→ **WHAT YOU SHOULD DO**:
Transcribe nothing except the lines below that run from the one with "Штатная магнитола TS18" to the one with "Тормозные колодки Japanparts", ends included, and do not copy any picture.

━━━━━ DATASET CONTENT

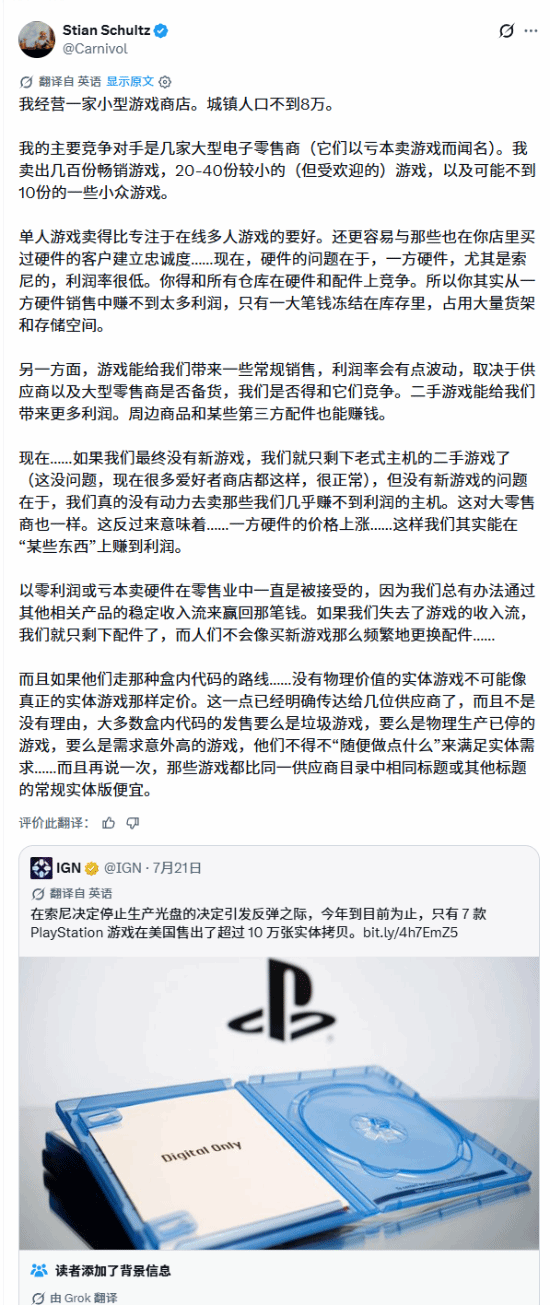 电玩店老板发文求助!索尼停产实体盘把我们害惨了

━━━━━━━━━━
━━━━━ DATASET CONTENT

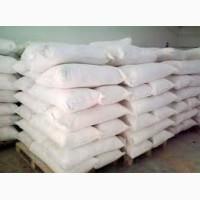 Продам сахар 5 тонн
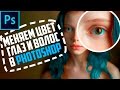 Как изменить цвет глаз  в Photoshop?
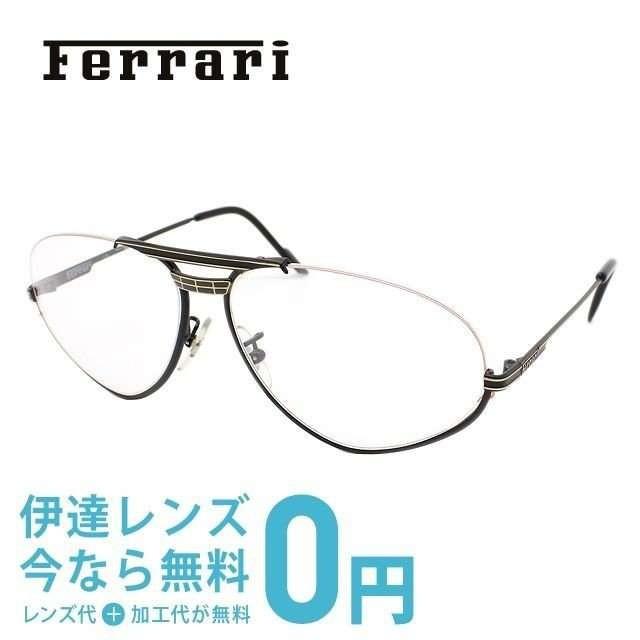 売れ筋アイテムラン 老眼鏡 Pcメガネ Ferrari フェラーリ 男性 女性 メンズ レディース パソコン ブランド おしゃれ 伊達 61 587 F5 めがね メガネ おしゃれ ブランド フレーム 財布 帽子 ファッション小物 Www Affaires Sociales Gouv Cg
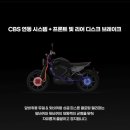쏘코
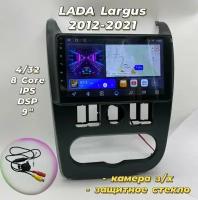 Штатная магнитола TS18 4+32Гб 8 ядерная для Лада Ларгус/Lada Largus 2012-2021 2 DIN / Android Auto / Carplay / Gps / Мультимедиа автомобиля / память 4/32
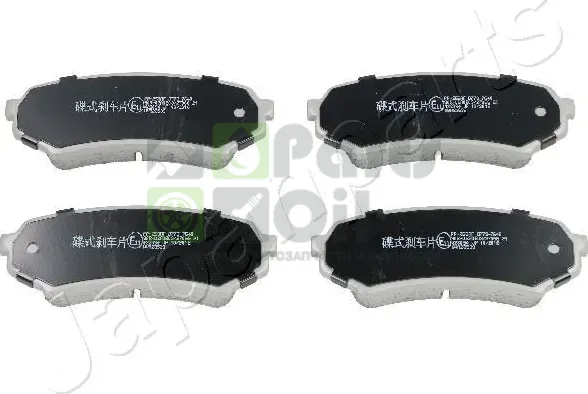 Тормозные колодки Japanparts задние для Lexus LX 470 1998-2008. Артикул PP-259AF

━━━━━━━━━━

→ **EXERCISE OUTPUT**:
 Штатная магнитола TS18 4+32Гб 8 ядерная для Лада Ларгус/Lada Largus 2012-2021 2 DIN / Android Auto / Carplay / Gps / Мультимедиа автомобиля / память 4/32
 Тормозные колодки Japanparts задние для Lexus LX 470 1998-2008. Артикул PP-259AF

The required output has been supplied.